金光山・如来寺の由来

記事編集:尾崎を語る会会員

金光山如来寺の由来
八幡 昭海

現在の天台宗金光山如来寺の由来についてお話します。

今は昔、室町時代に赤穂に寺がありました。室町時代赤松の流れの人が尾崎に住み着いた云々の話しがありますが、その人たちが寺を作っていたかもしれませんが、はっきりしたことは判りません。
その寺を池田輝政配下の、垂水半左衛門が当地に来て、慶長一〇年(一六〇五)に八幡宮を現在地に創設し、別当天台宗金光山神宮寺として再建したとされています。

住職は源清。別当とは、管理者の意味で当時神仏混淆時代寺院が神社を管理しておりました。赤穂八幡宮は藩の守護神として祀られ、正保二年(一六四五)浅野長直公が赤穂に来て、三〇石の扶持を貰っており、その時の住職は円盛、それ以降は比較的よくわかっております。

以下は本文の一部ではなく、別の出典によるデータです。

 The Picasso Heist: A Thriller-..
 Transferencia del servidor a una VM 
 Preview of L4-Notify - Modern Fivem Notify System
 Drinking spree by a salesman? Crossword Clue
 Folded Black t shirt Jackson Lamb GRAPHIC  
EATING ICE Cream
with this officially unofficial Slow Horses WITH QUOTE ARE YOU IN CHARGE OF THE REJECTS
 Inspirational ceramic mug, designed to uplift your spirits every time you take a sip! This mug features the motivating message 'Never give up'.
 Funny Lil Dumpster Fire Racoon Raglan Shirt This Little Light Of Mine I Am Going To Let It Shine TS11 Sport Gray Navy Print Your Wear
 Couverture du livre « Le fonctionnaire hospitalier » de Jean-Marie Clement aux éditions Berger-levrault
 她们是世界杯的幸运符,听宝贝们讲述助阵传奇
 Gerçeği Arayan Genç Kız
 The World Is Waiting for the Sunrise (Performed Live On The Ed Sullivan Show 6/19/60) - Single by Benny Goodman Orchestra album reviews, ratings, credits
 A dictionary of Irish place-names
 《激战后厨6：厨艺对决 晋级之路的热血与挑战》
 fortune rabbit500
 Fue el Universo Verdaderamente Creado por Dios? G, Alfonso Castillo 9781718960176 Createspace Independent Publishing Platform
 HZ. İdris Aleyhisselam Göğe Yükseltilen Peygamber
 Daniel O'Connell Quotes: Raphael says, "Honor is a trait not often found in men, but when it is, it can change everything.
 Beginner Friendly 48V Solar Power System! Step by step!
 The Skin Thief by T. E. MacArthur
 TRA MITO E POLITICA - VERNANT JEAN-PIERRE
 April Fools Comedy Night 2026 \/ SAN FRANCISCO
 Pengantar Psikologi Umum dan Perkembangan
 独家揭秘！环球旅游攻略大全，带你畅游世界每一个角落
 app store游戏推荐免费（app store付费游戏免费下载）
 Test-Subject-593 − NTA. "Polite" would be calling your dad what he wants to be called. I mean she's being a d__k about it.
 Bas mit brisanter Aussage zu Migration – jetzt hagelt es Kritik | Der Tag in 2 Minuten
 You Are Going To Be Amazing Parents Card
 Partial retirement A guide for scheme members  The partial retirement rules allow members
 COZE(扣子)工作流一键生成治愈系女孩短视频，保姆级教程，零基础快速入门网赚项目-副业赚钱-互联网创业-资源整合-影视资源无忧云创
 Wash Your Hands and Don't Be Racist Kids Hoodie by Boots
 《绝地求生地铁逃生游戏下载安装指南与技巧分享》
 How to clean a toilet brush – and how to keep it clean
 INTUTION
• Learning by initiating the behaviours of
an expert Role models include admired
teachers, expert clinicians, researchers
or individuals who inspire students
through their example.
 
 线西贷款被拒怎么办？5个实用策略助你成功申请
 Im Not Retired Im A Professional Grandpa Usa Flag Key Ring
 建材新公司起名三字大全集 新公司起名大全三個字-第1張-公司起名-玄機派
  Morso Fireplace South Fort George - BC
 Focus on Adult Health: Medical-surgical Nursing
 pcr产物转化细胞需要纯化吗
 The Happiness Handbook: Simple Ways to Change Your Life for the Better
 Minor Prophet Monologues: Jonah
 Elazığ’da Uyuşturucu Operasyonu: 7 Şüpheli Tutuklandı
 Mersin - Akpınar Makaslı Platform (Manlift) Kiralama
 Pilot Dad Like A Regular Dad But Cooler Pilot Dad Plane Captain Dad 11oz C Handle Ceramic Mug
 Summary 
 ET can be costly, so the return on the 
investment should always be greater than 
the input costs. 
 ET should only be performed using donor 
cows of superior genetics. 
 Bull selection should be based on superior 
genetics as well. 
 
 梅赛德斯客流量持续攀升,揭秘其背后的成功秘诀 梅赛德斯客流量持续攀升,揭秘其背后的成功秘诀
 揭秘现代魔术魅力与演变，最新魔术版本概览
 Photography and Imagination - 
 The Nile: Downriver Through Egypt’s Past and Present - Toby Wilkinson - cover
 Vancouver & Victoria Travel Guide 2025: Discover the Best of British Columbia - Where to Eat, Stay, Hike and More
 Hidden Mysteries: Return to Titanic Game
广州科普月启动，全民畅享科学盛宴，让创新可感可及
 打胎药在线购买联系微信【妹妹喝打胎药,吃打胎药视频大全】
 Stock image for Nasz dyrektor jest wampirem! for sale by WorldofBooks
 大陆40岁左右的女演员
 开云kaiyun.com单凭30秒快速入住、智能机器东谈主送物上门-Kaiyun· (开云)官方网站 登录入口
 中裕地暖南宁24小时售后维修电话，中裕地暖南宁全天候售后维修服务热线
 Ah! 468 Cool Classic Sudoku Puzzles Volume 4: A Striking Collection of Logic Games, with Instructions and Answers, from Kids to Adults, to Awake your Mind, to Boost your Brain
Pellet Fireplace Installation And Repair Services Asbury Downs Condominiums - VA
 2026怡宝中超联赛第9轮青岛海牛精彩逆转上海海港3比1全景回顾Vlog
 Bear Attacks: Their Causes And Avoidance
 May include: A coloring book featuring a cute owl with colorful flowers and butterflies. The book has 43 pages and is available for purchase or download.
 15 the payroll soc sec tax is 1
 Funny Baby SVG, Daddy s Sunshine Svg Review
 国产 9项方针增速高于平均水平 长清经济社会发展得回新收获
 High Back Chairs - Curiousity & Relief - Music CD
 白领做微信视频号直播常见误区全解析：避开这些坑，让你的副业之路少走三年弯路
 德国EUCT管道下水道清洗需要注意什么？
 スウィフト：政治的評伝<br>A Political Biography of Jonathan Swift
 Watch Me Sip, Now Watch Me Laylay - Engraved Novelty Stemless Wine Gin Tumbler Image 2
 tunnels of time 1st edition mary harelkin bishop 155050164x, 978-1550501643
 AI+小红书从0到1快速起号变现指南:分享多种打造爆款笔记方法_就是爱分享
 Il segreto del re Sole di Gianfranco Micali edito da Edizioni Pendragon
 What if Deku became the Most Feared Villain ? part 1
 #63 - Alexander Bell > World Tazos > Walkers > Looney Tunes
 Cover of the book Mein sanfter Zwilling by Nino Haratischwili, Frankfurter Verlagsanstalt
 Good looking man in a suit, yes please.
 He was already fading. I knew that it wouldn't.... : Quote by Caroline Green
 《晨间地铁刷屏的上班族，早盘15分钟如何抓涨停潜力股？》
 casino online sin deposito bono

元禄事件の時の住職は円快、寛保二年(一七四二)前天台座主の「八幡宮」の書を頂戴しており、書は当寺にその額が鳥居に掲げられています。
前天台座主一品尊祐親王は伏見宮那永親王の皇子で四回天台座主になられており、三回目と四回目の間に書かれたもので前が着いております。

神宮寺の一二世の円海師の時、弘化二年(一八四五)法華経千巻の寄贈を受けその記念塔が長年さんの碑の登り口に有ります。又、八幡宮西側の燈明台を天保二年(一八三一)に寄贈しております。

その次の住職恵成さんの時に明治維新があり藩幕体制が無くなり、パトロンの藩が無くなり、又、明治二年に日本は神国、天皇は神、天皇親政の時代となって、神仏分離令が出て廃仏毀釈運動が起こります。

八幡宮の別当寺院の神宮寺は、廃され僧が追い脱されました。同時に武士階級を檀家としていた禅宗系の寺院もパトロンを失って多くの寺がつぶされました。

恵成さんは南宮山の麓に小屋を作って還俗して引きこもったそうですが、当時空き家だった現如来寺のこの本堂、真言宗の観音寺を譲り受けて、改めて如来寺とし創立させましたが、あまりの激変でかその年の一二月死去されています。

以来、檀家であった藩を失ったまま檀家の無いままに如来寺として存続しております。

入り口の「神宮寺」の碑は、今の鈴木さんの四代前鈴木徳兵衛さんが昭和四年に寄付して下さったものですが、昔ここが神宮寺であったわけではなく、住職は今の宮司さんの住居尾崎郵便局の裏の方に住んでいましたので、その辺を「 別当(べっとう)」と呼ばれておりました。

また、おせどの横を観音堂というものの観音寺に絡んでつけたものと思われます。

ちなみに、今根来さんの住居の所は寺山、このへん一帯龍馬山観音寺、龍王山専福寺と真言宗のお寺だらけで専福寺が下におりて浄土真宗の宝専寺になったそうです。

普門寺は、昭和三〇年頃加里屋から移ってきたもので、昔の尾崎の村長などをした山本家の別荘だったそうです。

神仏混淆の時代、八幡神は応神天皇で仏は八幡大菩薩、そして阿弥陀如来なのです。これを本地垂迹説と言い、今でいう変身です。

仏教側から言うと、インド起源の菩薩諸天が神となって日本に現れたもので各地の神社の神は仏が仮の姿としたものです。

明治になってこの説は間違いであるとされ、神仏分離が行われたのです。ということで如来寺の本堂は、八幡大菩薩そして阿弥陀如来です。合わせて近年薬師如来を祀る薬師堂も作っております。

神仏を一緒に祀る日本古来の習性を再び見直すべく本年、仏教側と神社側が歩み寄って、現在の天台座主・東大寺貫主・生田神社宮司・石清水神社宮司らが中心となった運動が行われています。

八幡宮から分離する時に、寺と資産の一部を分け合ったものを一昨年四月に「尾崎を語る会発足一周年記念」として八幡宮社務所で展示しましたのでご覧いただいた方も多いと存じます。私も父の後を継いで住職になって三〇年、檀家のない寺の維持に努めております。

一〇年前東京の会社勤めから帰り、一〇年程神戸の寺の兼務をしておりました。一昨年来高雄の神護寺も兼務することになり、その再興すべく考えております。

檀家はありませんが、昔宝専寺に墓地が無かった関係か、江戸末期から昭和にかけての墓地が裏にあります。本年三月尾崎公民館発行「ふるさと尾崎」№四に、神宮寺の歴史他の記事が有りますので、興味のある方はご覧下されば幸いです。